Speaking on the Risky Business security podcast, Fitzpatrick voiced his skepticism at the fact that a theoretical proof-of-concept hack he demonstrated at the Black Hat 2016 conference would be exactly the approach reported by the Bloomberg story — despite the fact that there are plenty of other, more straightforward ways of carrying out a hack.

“It was surprising to me that in a scenario where I would describe these things and then he would go and confirm these and 100% of what I described was confirmed by sources,” he said. One of the journalists who wrote the article reportedly said that while it “sounded crazy,” this is exactly what had been reported to them by “lots of sources.”

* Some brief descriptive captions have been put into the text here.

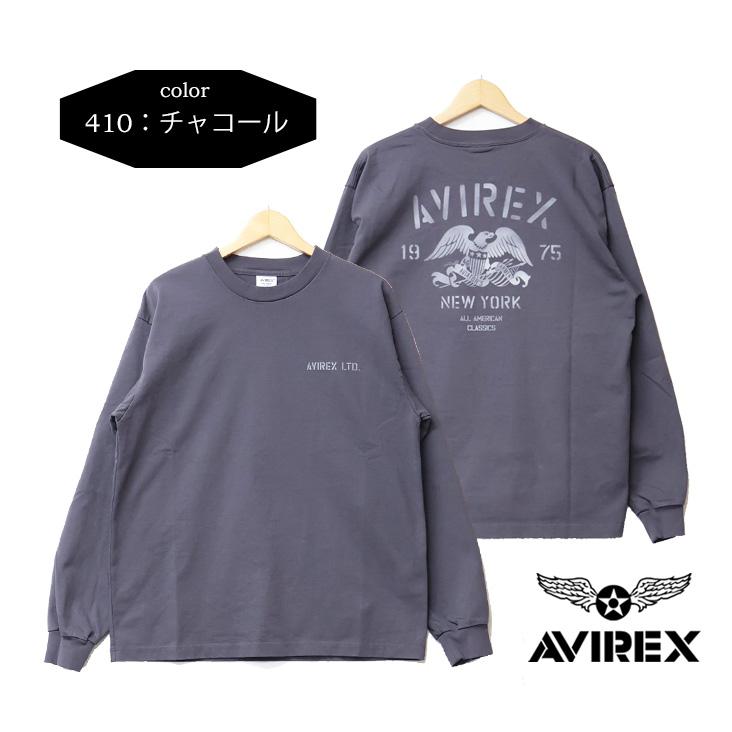 AVIREX（アヴィレックス） ステンシルプリント 長袖Tシャツ メンズ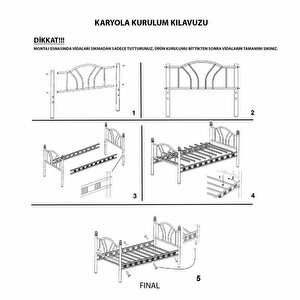 Reyo Pero Tek Kişilik Başlıklı Yatak Odası Ferforje Metal Siyah Karyola 90x190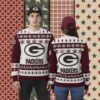 Green Bay Packers Golden Skull Womens Xmas Ugly Sweater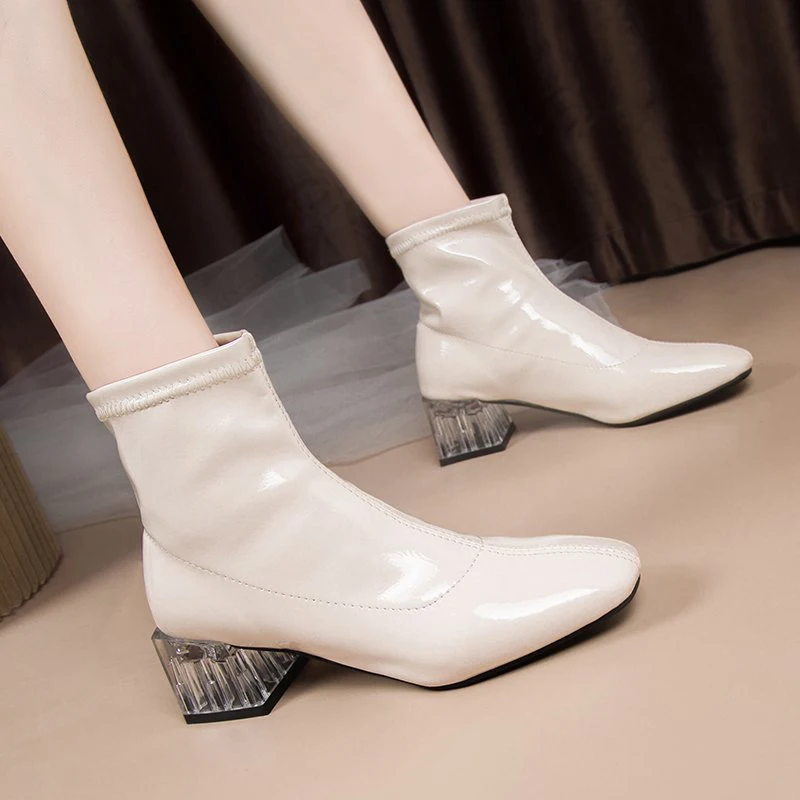 Botines de Cuero de charol transparente para mujer, zapatos con tacones  medios, cálidos, para invierno, 2020 - AliExpress Calzado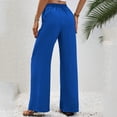thumbnail image 5 of Sngxgn Womens Casual Pants Drawstring Elastic Waisted Straight Pants Loose Ladies Pants(Blue,XL), 5 of 7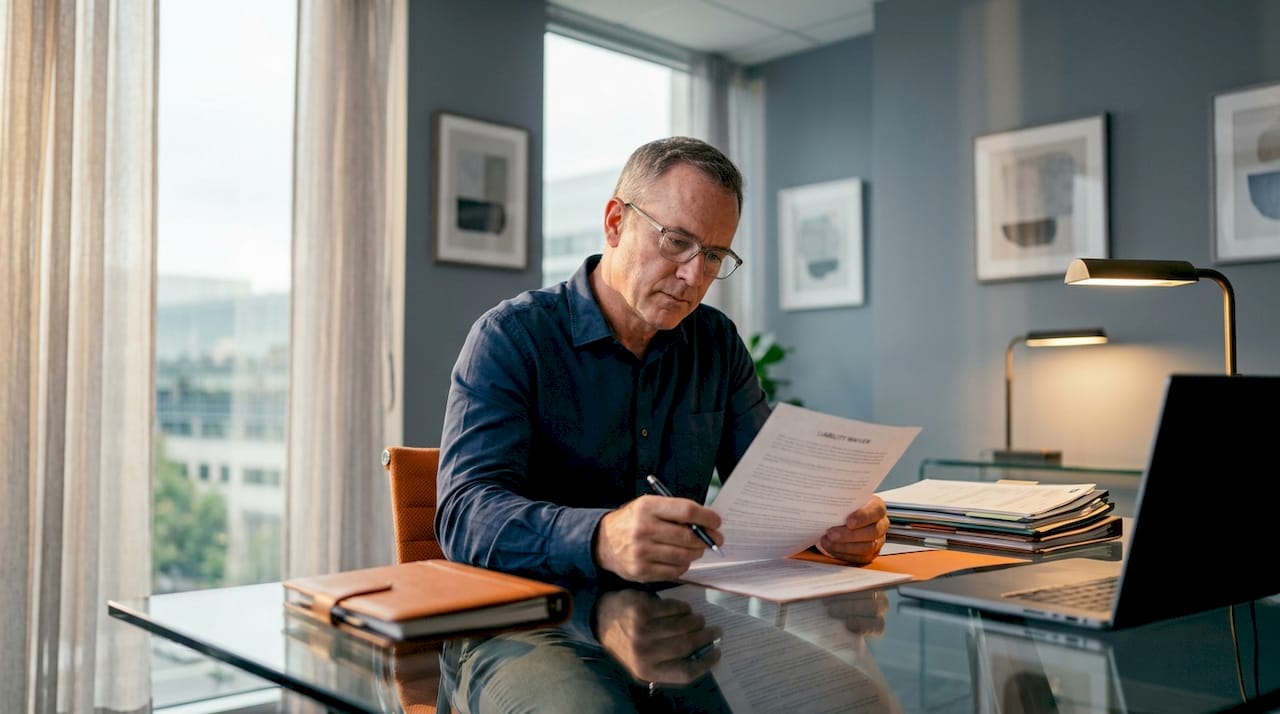 Fleet owner reviewing trucking liability waiver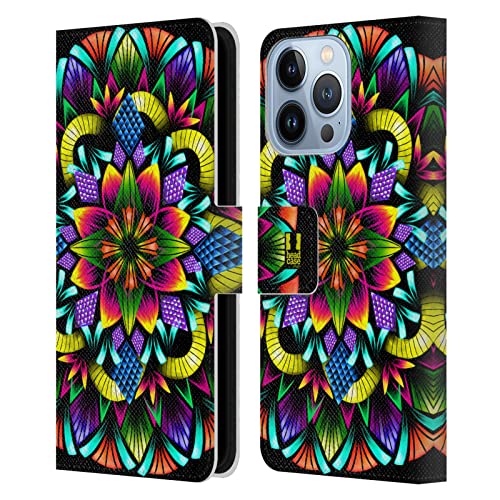 Carcasa cuero libro iPhone 13 Pro funda protectora mandala flores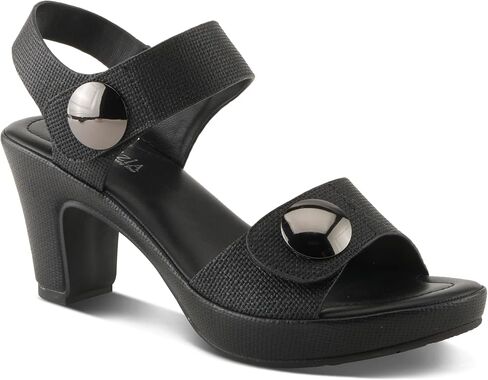 PATRIZIA Women's DADE-WOVEN Hook and Loop Sandals - Textured Faux Leather with Gold Button Accents, Adjustable Fit in Saudi Arabia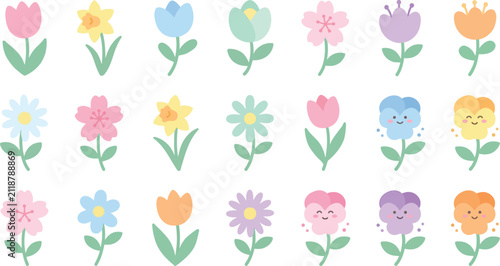 Cute pastel colored flower with simple shapes and friendly faces arranged in a grid pattern on a plain white background for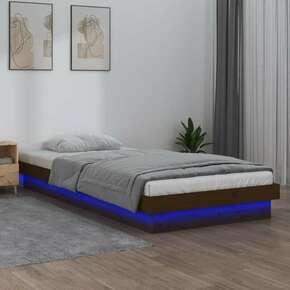 VidaXL LED posteljni okvir medeno rjav 100x200 cm trden les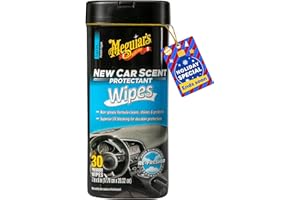 Meguiar's New Car Scent Protectant Wipes - Easy to Use Car Wipes that Protect and Freshen Your Car's Interior - Ideal for Car Detailing & Maintenance - 30 Ct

“I have the expertise to look at he technical details and I have the knowledge to look at the technical details and see that they’re jumbled,” Fitzpatrick said. “They’re not outright wrong, but they are theoretical. I don’t have the knowledge to know the other conversations — the other 17 sources and what they said, but I can infer — based on the technical side of things — that the non-technical side of things may be jumbled the same way.”

It sure would help determine the truth if Bloomberg — or anyone — would provide an actual sample of one of these spy chips.